Digital clipping is a completely different experience. Digital audio represents sound as discrete numerical values, and there is a hard ceiling: the maximum number the system can store. Unlike voltages in a wire, there is no going past this ceiling. When a digital signal exceeds the maximum, the waveform hits a perfectly flat plateau. The transition from clean to clipped is abrupt and harsh, producing an immediately unpleasant crackling or buzzing. This is the sound you hear when someone records a voice memo too close to a microphone or when a podcast host’s levels are set too high.

Aliasing in Digital Audio

Digital audio works by taking thousands of snapshots (samples) of a sound wave every second. To accurately capture a frequency, the system needs to sample at least twice as fast as that frequency. This requirement is called the Nyquist criterion. Standard CD-quality audio samples at 44,100 times per second, which can accurately capture frequencies up to about 22,050 Hz, just above the upper limit of human hearing.

When the sampling rate is too low for the frequencies present, something called aliasing occurs.

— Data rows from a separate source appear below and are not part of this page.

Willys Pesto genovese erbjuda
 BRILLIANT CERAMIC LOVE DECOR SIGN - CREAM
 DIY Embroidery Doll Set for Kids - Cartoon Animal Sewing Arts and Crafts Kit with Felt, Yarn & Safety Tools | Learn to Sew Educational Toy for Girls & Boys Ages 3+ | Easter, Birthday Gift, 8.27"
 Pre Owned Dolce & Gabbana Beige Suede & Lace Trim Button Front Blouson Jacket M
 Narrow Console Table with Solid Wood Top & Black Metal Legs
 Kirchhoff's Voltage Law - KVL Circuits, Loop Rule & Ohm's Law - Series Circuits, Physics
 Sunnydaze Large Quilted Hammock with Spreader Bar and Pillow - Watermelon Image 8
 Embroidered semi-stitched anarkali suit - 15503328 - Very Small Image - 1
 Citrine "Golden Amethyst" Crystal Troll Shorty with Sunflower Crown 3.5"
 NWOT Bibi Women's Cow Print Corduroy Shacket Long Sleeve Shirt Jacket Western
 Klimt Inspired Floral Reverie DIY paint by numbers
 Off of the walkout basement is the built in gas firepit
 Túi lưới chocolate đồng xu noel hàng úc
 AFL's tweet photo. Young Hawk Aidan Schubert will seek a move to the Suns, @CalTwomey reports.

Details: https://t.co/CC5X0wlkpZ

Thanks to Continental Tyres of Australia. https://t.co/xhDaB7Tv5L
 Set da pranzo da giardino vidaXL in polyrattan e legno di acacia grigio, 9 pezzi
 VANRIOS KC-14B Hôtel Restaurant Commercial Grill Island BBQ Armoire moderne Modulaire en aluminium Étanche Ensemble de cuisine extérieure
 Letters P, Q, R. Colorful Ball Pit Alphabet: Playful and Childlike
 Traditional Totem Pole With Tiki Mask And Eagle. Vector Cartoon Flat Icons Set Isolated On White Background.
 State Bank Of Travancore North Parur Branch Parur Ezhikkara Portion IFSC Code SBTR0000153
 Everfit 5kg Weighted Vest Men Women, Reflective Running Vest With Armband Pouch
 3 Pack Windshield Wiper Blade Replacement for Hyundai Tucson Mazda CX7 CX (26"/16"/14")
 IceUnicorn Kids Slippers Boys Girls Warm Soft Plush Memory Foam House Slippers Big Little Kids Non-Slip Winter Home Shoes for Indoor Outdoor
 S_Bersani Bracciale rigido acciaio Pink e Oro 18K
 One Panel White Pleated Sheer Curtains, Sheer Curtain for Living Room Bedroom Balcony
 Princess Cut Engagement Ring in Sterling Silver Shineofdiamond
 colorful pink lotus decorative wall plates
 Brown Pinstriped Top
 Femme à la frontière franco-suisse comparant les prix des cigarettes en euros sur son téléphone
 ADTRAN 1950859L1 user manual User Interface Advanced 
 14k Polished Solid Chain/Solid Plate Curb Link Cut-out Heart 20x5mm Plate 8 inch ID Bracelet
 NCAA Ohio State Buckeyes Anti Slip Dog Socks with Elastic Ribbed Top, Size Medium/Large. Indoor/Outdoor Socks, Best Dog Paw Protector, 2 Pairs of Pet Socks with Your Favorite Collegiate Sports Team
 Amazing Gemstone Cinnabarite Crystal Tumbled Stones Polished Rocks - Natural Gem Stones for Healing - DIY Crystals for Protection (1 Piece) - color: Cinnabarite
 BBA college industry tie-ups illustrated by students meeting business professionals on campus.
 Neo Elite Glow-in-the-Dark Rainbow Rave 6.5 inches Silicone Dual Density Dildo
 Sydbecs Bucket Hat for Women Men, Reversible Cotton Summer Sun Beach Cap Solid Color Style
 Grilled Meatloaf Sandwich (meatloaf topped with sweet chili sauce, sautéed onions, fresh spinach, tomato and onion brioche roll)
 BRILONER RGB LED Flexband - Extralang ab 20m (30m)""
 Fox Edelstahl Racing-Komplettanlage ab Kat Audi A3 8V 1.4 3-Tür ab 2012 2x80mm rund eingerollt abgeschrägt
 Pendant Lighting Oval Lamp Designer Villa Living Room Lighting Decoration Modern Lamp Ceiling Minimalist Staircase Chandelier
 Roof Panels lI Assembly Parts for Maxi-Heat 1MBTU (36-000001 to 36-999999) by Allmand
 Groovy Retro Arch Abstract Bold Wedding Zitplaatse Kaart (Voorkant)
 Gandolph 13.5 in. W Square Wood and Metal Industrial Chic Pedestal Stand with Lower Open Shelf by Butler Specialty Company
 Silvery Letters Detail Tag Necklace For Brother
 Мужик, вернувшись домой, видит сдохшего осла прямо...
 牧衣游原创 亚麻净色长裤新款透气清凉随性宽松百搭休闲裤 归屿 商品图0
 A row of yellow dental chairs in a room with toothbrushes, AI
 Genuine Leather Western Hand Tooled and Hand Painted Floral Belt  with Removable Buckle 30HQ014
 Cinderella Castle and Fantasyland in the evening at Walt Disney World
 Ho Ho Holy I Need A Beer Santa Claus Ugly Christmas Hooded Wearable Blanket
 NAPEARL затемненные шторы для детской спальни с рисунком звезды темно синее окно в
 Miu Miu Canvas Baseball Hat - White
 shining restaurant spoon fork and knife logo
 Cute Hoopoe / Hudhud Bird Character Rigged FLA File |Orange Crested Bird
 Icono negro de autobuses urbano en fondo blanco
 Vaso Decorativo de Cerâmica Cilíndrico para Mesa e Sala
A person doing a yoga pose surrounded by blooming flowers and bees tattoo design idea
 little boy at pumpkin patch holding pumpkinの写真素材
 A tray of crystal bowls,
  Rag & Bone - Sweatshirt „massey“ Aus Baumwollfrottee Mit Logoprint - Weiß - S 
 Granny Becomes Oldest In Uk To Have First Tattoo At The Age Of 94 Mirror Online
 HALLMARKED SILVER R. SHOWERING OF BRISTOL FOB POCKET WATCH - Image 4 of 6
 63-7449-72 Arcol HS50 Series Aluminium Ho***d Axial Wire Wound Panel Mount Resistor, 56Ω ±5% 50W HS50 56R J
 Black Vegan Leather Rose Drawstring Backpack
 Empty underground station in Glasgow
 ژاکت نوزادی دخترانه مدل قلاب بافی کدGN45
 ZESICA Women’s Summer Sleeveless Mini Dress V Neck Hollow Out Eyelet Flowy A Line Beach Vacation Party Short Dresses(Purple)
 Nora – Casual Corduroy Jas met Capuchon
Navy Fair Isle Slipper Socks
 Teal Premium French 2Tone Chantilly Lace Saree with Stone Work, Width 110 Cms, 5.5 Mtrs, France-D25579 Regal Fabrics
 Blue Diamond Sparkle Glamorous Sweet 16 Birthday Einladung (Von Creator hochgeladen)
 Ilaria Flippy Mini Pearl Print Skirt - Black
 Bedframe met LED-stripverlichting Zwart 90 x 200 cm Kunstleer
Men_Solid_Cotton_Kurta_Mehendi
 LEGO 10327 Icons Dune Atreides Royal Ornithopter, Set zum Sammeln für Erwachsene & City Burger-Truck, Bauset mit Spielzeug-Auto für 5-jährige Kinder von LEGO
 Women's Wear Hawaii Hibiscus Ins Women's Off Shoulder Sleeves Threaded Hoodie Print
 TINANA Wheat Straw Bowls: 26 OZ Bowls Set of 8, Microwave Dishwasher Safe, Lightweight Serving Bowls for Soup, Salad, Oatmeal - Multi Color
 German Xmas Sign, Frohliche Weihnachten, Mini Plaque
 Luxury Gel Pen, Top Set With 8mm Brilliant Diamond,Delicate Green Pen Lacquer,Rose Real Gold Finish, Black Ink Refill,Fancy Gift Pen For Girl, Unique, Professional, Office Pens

High-frequency components that can’t be properly captured “fold” down into lower frequencies, appearing as phantom tones that weren’t in the original signal. The aliased frequency equals the difference between the original frequency and the nearest multiple of the sampling rate. These artifacts sound metallic or robotic and are especially noticeable on transients like cymbals or consonant sounds in speech. Modern audio equipment uses filters to remove frequencies above the Nyquist limit before sampling, which is why aliasing is rare in well-designed systems but still crops up in cheap converters or improperly configured recording setups.

Phase Distortion

Phase distortion is subtler than the types above, and many listeners can’t consciously identify it. It occurs when different frequencies in a signal are delayed by different amounts as they pass through a system. A uniform delay, where every frequency is shifted by the same amount of time, isn’t distortion at all. Your ear can’t distinguish a signal that arrived 5 milliseconds late if every part of it arrived equally late. But when low frequencies are delayed differently than high frequencies, the shape of the waveform changes even though the volume at each frequency stays the same.

Phase distortion is most commonly introduced by filters, crossovers in speaker systems, and certain types of equalization. In practice, it can make stereo imaging feel smeared or reduce the sense of punch and clarity in transient-heavy material like drums. Whether phase distortion is audible depends heavily on how severe it is and the complexity of the audio material.

Preventing Unwanted Distortion

The most effective way to prevent distortion in any audio setup is proper gain staging: controlling the signal level at every point in the chain so that no single device is pushed past its comfortable operating range. Each piece of equipment, whether hardware or software, has an optimal input range. Too hot, and you get clipping. Too quiet, and you raise the noise floor when you amplify later.

For digital recording, a good target level is around -12 dBFS on your meter. This leaves enough headroom above the signal to accommodate unexpected peaks or later processing like equalization that might boost certain frequencies. If you compress a signal and reduce its overall level, you should boost the output of the compressor to compensate, keeping the signal in that healthy middle range as it moves to the next stage.

These same principles apply whether you’re recording a podcast with a USB microphone, mixing music in software, or setting up a PA system for a live event. At every stage, the question is the same: is the signal loud enough to stay well above the noise, but quiet enough that it never bumps into the ceiling? Getting that balance right at each link in the chain is what separates clean, professional-sounding audio from audio that crackles, buzzes, or sounds strangely harsh.